More good news: Spain's
unemployment fell in November, taking the current rate down to a mere
23.7%. Some, at least, of this is down to foreigners (for which read
South Americans) going home because they can't get the work they got
easily back in the boom years.
I cited yesterday a
couple of examples of the Spanish government coming to the aid of
companies that feel they're facing 'unfair' competition. A third is
the newspaper industry, needed as an ally ahead of the 2015
elections. As of January, news aggregators such as Google will be
heavily charged for publishing on the net articles from said
newspapers. Google's reaction to this 'Google tax' has been to end their service as of Dec. 16. This, they say, will deny the papers
the advertising revenue generated by readers sent by them to the
original articles. As of now, I believe I
won't be fined for citing articles in this blog but who knows?
Toying with taking out
a Mercadona credit card, I took a look at the application form.

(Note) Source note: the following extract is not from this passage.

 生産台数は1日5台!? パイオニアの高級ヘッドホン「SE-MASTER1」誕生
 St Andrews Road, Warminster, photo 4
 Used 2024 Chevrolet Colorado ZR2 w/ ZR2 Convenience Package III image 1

Needless to say, it sought for a lot of personal information,
including my ID number. It also asked what occupation category I fell into but I was disappointed to find these included Housewife but not
Househusband. Best of all, it asked for the cause of any pension I
might have. Which left me rather dumbfounded. So I decided to give it
a miss.
I've read a couple of
articles recently on the more-imminent-than-ever demise of the EU, at
least in its current form. One of these is pasted below, from Peter
Oborne. Search 'Ambrose' for one or two more.
Finally . . . Looking
through an old notebook, I found these plays on the words Google. I
don't think I've listed them here before, possibly for good reason.

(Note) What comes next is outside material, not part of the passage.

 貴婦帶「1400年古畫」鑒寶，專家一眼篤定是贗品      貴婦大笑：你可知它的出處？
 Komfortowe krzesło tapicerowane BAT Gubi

They relate to very specific searches:-
For adhesives: Gloogle
For nuts and bolts:
Scroogle
For boat personnel:
Croogle
For depression: Bloogle
For sample bottles:
Stoolgle
For cow stuff: Moogle
For Magic Roundabout
stuff: Doogle
For financial advice:
Froogle
For animals: Zoogle.
Doubtless you can come
up with a few yourself.
The EU
The euro is heading for
disaster - what luck for David Cameron
By Peter Oborne
As Karl Marx was one of
the earliest to point out, economics (though so much less
interesting) is far more important than politics.
Marx considered all
political events as epiphenomena. He viewed great men as blind
instruments of irresistible forces which they themselves could hardly
comprehend.
The Marxist vision of
society has been disproved many times, always at epic human cost.

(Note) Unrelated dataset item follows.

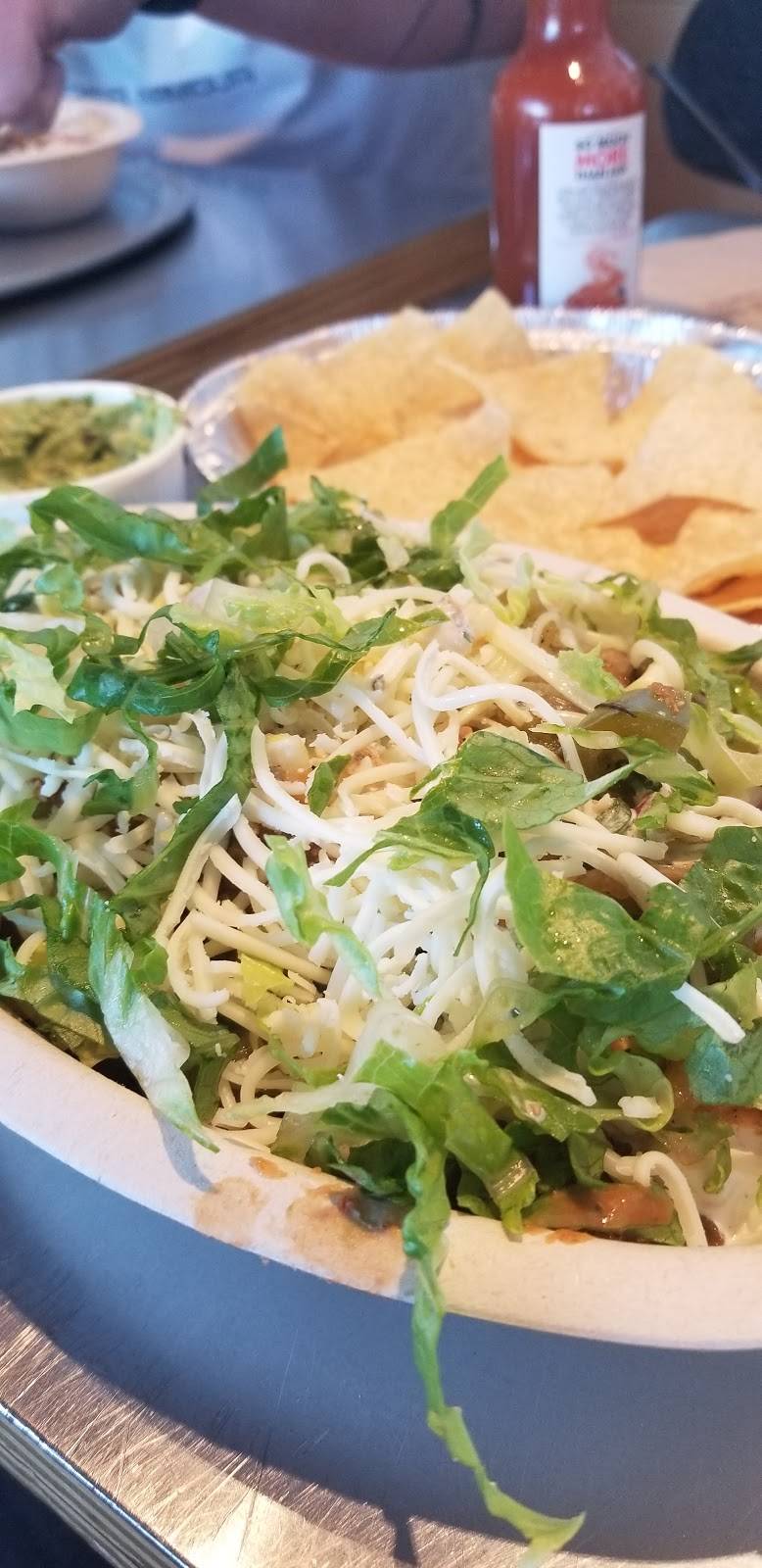 Chipotle Mexican Grill | restaurant | 2701 39th Ave NE Ste E128, Minneapolis, MN 55421, USA | 6127895000 OR +1 612-789-5000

However, his doctrine that productive forces propel history has stood
the test of time – and is invaluable for an understanding of the
current predicament of the European Union.
It elegantly explains
why European Monetary Union was destined to fail. The state
socialists and former communists who invented the euro never got to
grips with this aspect of Marxist thought. Only Conservatives with an
intelligent appreciation of economics and history – an enlightened
congregation that included Margaret Thatcher, Oliver Letwin, Peter
Lilley, Tim Congdon, John Redwood, Nicholas Ridley and Alan Walters –
grasped that the EMU would collapse under the weight of its own
contradictions, and that it was folly to construct a single currency
before the political conditions were in place.
Meanwhile the European
elite who advocated the euro (British representatives included
Michael Heseltine, Peter Mandelson, Tony Blair, Ken Clarke, Nick
Clegg and Danny Alexander, at the time only a cadet member of the
European political class, so perhaps the chief secretary can be
forgiven) ignored all warnings. Indeed, Lord Mandelson is still
advocating British membership!
It is impossible to
exaggerate the arrogance, the bone-headed stupidity and above all the
brutality and callousness of these Europhiles. Their demented attempt
to impose a new economic model on an unworkable political structure
has already caused untold suffering. At the heart of their project is
an audacious attempt to prove the primacy of politics over economics.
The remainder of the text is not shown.